I glanced across at Tanya Wardani and waited. It took a few moments, but finally she shook her head.
“No. We have to close the gate.”
Vongsavath threw up her hands. “What the fuck for? Who care—”
“Stow it, Ameli.” I flexed the suit upright again. “Tell the truth, I don’t think you could get through the Wedge security blocks in much less than a day anyway. Even with my help. I’m afraid we’re going to have to do this the hard way.”
And I will have a chance to kill the man who murdered Luc Deprez .
I wasn’t sure if that was the ‘meth talking, or just the memory of a shared bottle of whisky on the deck of a trawler now blasted and sunk.

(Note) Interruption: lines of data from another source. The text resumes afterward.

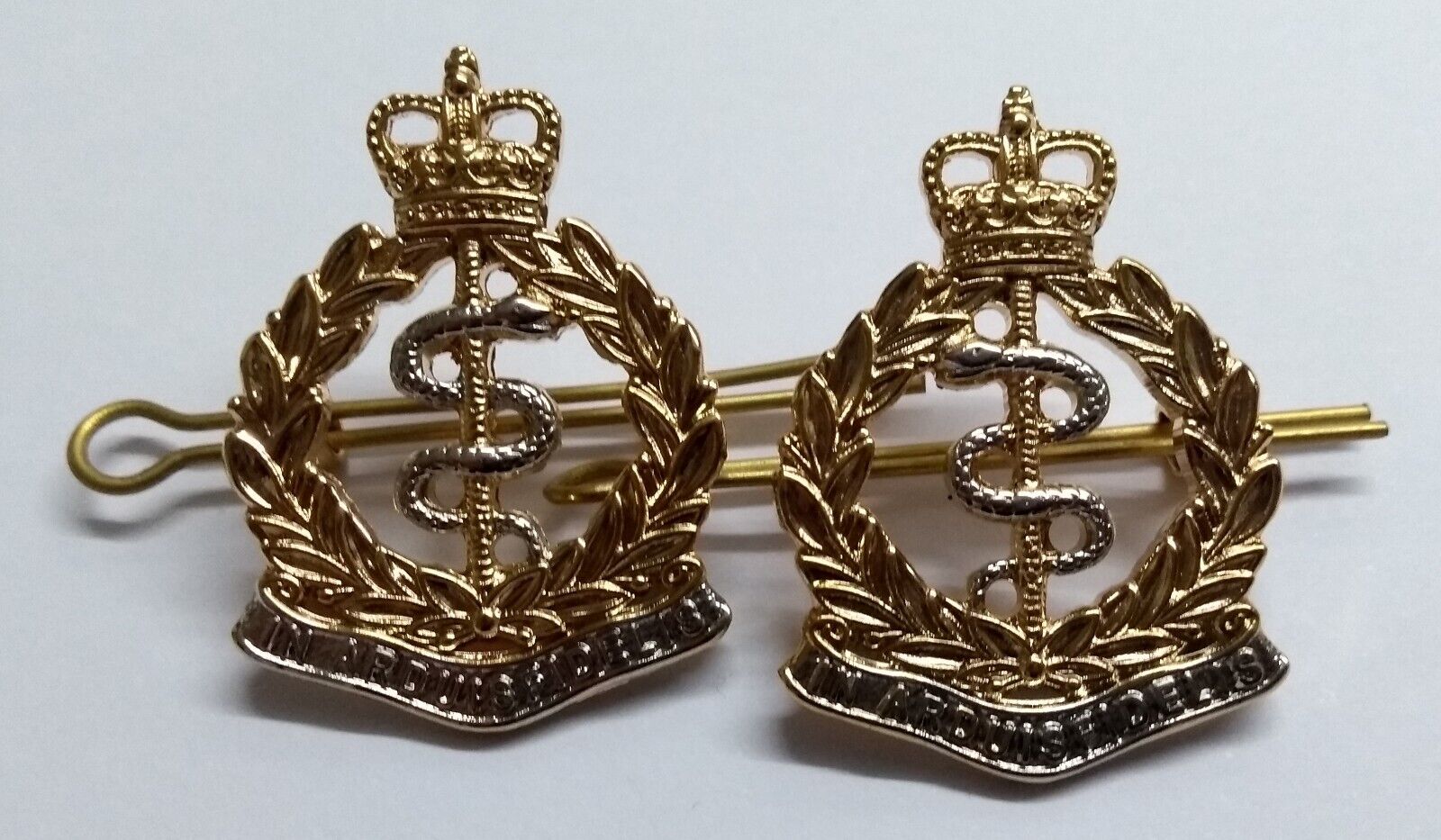RAMC Collar Dogs British Army Style R.A.M.C Insignia Metal Badges & Split Pins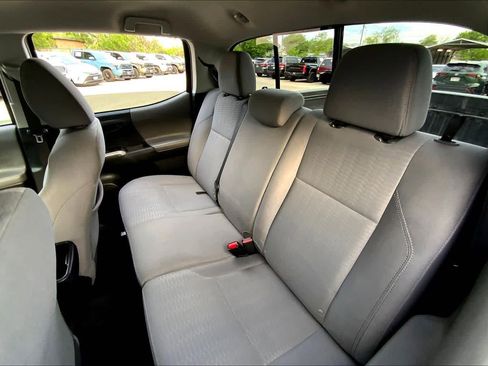 Used 2017 Toyota Tacoma SR5 w/ Tow Package image 20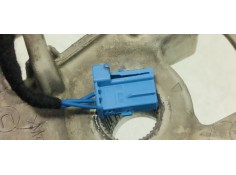 Recambio de volante para peugeot 208 1.6 hdi 100 fap referencia OEM IAM 98084115ZD  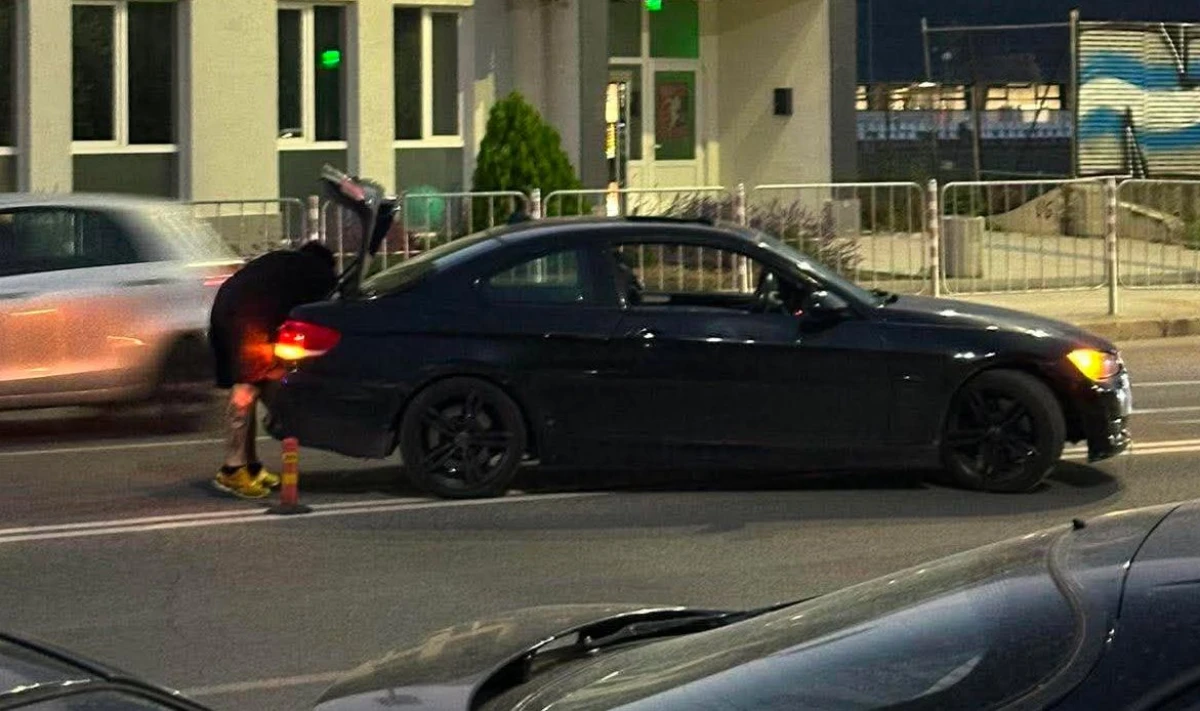 Две БМВ-та се треснаха в Пловдив, има полиция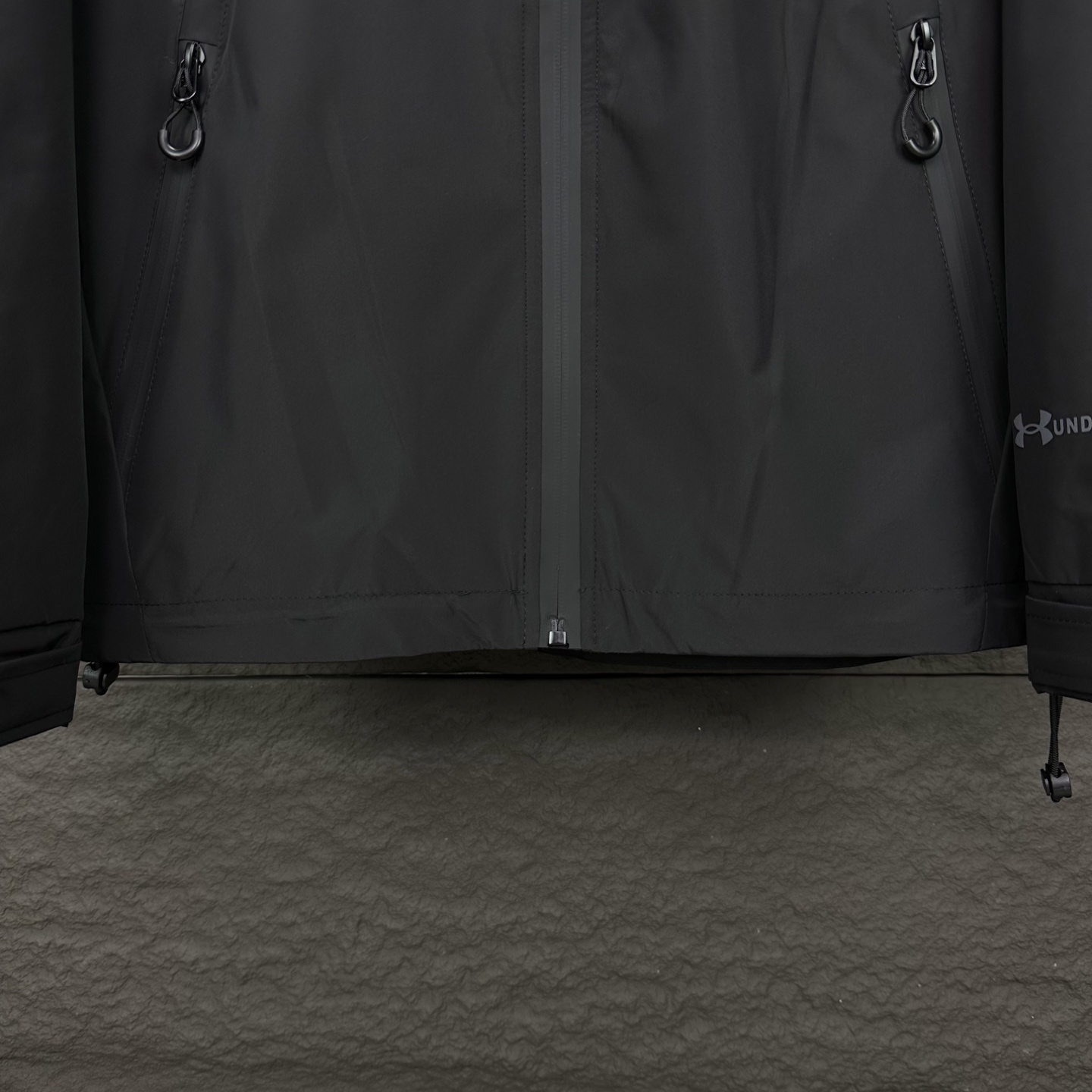 High-End Waterproof Hood Zipper Jacket 2025 with Reflecting Logo for Couples - 图片 6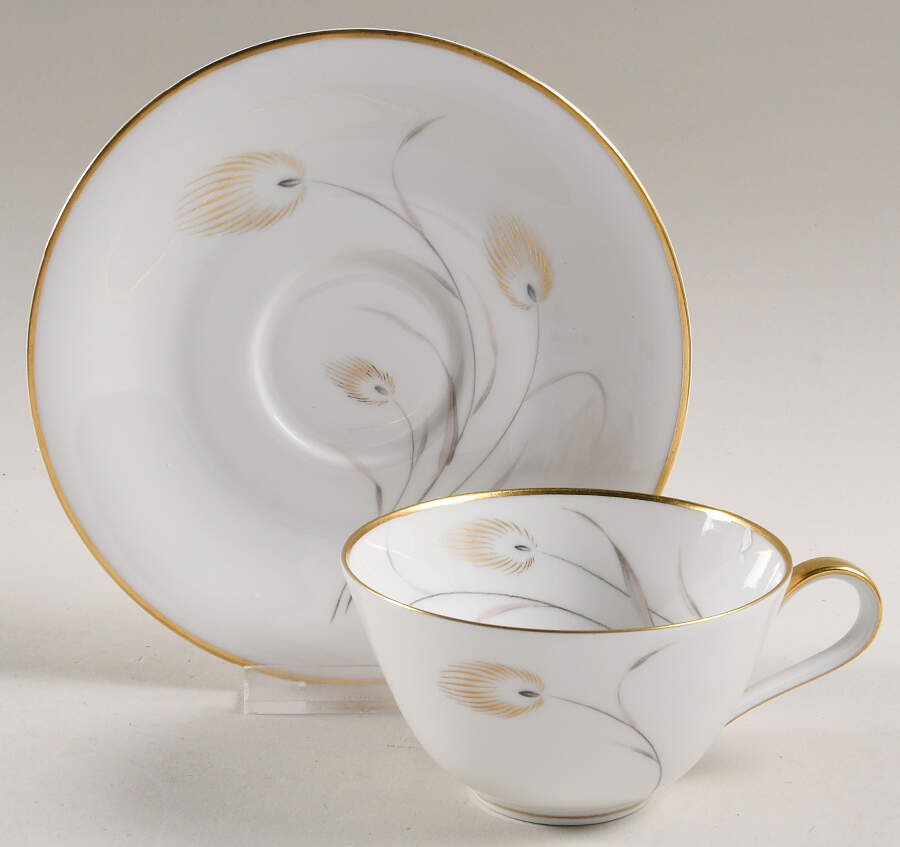 Beverly Flat Cup & Saucer Set by Heinrich - H&C-1
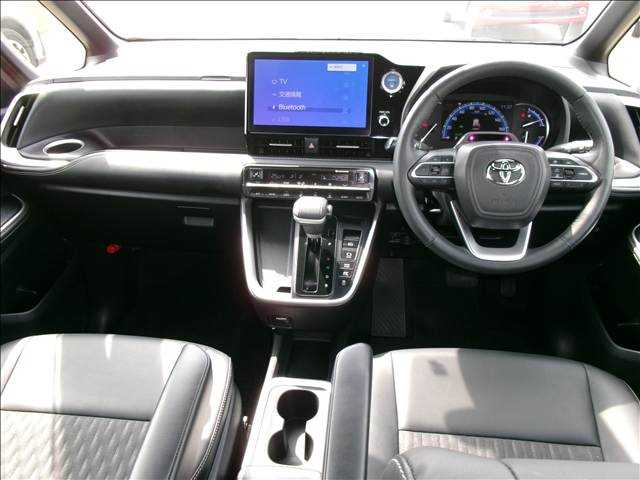 Toyota Noah 3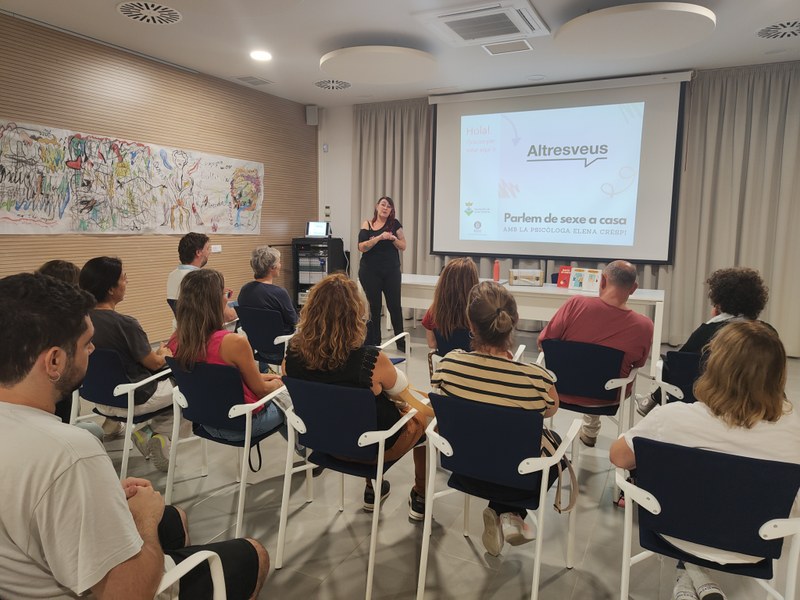 Conferència espai sala d'actes 
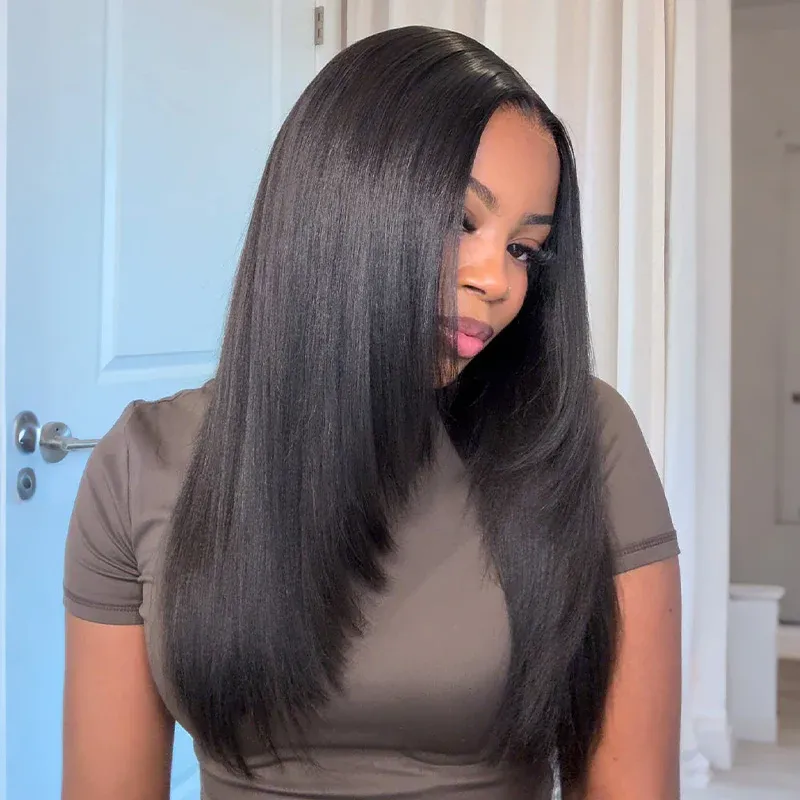 20-inch Natural Layered Cut Yaki Straight Silky Bob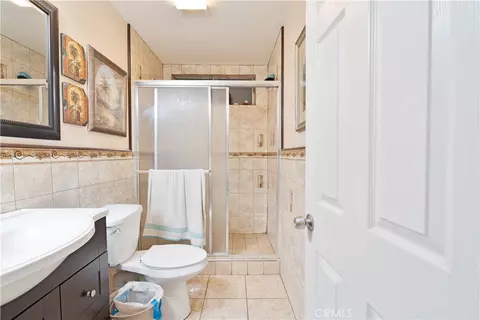 Bath - 37617 27th E, Palmdale, CA 93550 photo 2 of 4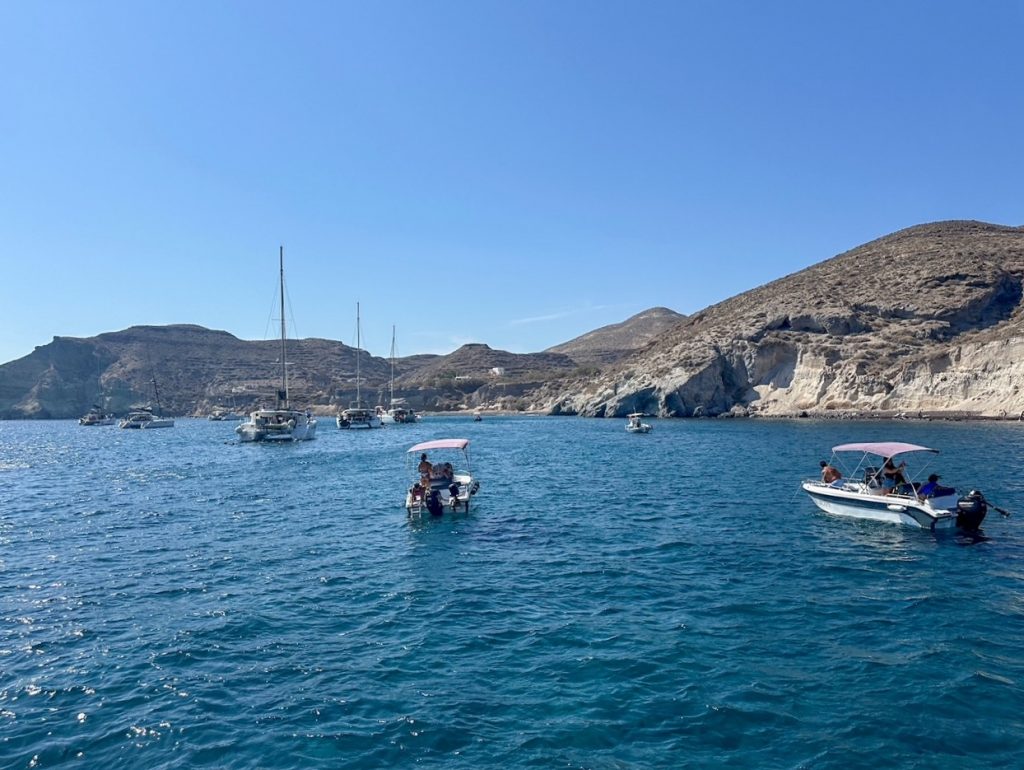 Mesa Pigadia beach is a small quiet beach in Santorini with large pebbles and crystal-clear waters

It didn’t seem to matter that much.
Vongsavath sighed and heaved herself to her feet.
“You going on the bug?” she asked. “Or do you want an impeller frame?”
“We’ll need both.”
“Yeah?” she looked suddenly interested. “How come? Do you want me—”
“The bugs mount a nuclear howitzer. Twenty kiloton yield. I’m going to fire that motherfucker across and see if we can’t fry Carrera with it. Most likely, we won’t. He’ll be backed off somewhere, probably expecting it. But it will chase him away for long enough to send the bug through. While that draws any long-range fire he can manage, I’ll tumble in with the impeller rig. After that,” I shrugged. “It’s a fair fight.”